Payment after Vesting    Any RSUs that vest hereunder will be paid to you (or in the event of your death, to your estate) in Shares.
Tax Withholding    Notwithstanding any contrary provision of this Agreement, no Shares shall be distributed to you unless and until you have made satisfactory arrangements with respect to the payment of income, employment and any other taxes which must be withheld with respect to such Shares. The Administrator, in its sole discretion and pursuant to such procedures as it may specify from time to time, may permit you to satisfy such tax withholding obligation, in whole or in part by one or more of the following: (a) paying cash, (b) electing to have the Company withhold otherwise deliverable Shares having a value equal to the minimum amount statutorily required to be withheld, (c) delivering to the Company already vested and owned Shares having a value equal to the amount required to be withheld, or (d) selling a sufficient number of such Shares otherwise deliverable to you through such means as the Administrator may determine in its sole discretion (whether through a broker or otherwise) equal to the amount required to be withheld. If you fail to make satisfactory arrangements for the payment of any required tax withholding obligations with respect to Shares that are vesting, the Administrator, in its sole discretion, may require you to permanently forfeit such Shares and the Shares will be returned to the Plan at no cost.
Arbitration    You and the Company agree that any and all disputes arising out of the terms of the Notice of Grant, the Plan or this Agreement or their interpretation shall be subject to binding arbitration in Santa Clara County, California before the American Arbitration Association under its California Employment Dispute Resolution Rules, or by a judge to be mutually agreed upon. You and the Company agree that the prevailing party in any arbitration shall be entitled to injunctive relief in any court of competent jurisdiction to enforce the arbitration award. You and the Company agree that the prevailing party in any arbitration shall be awarded reasonable attorney’s fees and costs.

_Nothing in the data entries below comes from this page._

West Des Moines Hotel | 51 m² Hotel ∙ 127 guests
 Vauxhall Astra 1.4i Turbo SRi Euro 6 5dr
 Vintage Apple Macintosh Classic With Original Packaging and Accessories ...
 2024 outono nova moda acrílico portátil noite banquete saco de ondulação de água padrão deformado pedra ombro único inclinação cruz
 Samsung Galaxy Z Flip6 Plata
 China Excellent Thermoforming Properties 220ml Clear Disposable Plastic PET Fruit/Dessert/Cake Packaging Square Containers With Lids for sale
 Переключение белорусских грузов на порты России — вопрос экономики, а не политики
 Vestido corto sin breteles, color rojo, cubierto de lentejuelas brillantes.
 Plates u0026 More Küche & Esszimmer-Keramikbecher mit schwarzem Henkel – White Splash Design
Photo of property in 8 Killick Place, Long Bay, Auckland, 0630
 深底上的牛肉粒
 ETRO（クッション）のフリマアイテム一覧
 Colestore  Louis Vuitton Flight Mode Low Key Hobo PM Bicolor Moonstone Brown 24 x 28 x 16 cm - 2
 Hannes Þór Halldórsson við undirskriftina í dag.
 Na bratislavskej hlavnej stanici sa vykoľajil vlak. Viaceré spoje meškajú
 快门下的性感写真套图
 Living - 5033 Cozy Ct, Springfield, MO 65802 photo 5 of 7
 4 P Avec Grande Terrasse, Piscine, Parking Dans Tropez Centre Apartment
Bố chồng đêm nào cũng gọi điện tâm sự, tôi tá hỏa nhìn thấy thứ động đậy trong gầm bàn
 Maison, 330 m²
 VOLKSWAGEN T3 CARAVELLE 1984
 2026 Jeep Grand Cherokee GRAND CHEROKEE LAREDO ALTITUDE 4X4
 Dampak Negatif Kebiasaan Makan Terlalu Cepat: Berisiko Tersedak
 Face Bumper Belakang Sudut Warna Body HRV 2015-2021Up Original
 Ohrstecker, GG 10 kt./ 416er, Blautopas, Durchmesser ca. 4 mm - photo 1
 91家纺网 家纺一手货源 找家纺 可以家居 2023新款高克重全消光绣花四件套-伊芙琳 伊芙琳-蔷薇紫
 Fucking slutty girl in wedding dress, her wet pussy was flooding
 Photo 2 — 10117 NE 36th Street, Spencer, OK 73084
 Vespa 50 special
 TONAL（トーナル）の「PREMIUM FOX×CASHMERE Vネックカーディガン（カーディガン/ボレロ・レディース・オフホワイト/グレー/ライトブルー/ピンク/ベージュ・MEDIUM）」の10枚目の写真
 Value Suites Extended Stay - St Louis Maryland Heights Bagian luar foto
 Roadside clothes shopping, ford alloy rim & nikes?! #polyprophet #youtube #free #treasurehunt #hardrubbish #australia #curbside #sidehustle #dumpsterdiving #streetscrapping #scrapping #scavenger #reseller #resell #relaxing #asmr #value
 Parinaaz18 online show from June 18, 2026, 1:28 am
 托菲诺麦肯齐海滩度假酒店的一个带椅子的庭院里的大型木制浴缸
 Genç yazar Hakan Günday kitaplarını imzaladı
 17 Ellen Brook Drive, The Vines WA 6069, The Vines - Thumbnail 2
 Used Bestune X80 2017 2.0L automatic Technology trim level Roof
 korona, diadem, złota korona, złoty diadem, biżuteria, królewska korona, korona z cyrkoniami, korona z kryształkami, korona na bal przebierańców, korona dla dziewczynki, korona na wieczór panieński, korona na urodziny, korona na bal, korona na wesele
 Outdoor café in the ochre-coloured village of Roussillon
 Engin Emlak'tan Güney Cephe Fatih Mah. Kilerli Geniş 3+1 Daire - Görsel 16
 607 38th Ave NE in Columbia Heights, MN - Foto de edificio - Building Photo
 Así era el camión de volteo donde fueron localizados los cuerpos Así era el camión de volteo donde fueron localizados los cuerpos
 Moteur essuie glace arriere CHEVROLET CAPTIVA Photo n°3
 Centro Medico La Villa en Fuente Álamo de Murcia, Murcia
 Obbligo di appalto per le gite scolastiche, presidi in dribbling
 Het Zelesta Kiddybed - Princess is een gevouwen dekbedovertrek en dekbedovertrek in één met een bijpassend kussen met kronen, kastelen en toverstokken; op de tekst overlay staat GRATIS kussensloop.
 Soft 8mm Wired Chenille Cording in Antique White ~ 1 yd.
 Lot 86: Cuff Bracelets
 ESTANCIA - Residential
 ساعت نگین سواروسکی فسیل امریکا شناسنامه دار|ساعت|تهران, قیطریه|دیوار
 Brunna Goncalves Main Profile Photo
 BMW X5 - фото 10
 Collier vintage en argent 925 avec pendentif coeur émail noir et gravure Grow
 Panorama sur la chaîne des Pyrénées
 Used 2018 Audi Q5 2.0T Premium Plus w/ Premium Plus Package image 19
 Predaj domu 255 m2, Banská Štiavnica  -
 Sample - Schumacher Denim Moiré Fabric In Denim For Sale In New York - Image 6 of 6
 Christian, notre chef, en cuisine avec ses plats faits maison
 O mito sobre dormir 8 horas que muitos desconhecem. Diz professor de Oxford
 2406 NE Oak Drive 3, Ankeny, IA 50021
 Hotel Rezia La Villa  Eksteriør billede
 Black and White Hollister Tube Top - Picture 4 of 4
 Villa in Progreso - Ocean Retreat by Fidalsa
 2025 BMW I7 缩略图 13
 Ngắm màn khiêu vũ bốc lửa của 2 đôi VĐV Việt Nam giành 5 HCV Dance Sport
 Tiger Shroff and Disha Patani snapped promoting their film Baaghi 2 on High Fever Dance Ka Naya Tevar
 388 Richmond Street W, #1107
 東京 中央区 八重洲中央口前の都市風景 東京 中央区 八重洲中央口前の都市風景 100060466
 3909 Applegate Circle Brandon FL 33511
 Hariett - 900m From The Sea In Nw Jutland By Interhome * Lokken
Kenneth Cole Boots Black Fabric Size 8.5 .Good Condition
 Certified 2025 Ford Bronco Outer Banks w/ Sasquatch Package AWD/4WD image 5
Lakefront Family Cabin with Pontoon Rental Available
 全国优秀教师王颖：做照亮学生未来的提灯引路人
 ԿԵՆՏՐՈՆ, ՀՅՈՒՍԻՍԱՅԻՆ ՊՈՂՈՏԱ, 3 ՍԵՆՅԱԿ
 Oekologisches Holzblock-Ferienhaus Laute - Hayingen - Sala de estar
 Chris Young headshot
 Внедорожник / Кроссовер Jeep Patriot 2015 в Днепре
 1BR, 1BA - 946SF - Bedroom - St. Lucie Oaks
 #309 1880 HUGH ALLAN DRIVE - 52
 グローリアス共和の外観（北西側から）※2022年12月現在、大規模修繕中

Payments after Death    Any distribution or delivery to be made to you under this Agreement will, if you are then deceased, be made to the administrator or executor of your estate. Any such administrator or executor must furnish the Company with (a) written notice of his or her status as transferee, and (b) evidence satisfactory to the Company to establish the validity of the transfer and compliance with any laws or regulations pertaining to said transfer.
Stockholder Rights    Neither you nor any person claiming under or through you will have any of the rights or privileges of a stockholder of the Company in respect of any Shares deliverable hereunder unless and until certificates representing such Shares will have been issued, recorded on the records of the Company or its transfer agents or registrars, and delivered to you or your broker.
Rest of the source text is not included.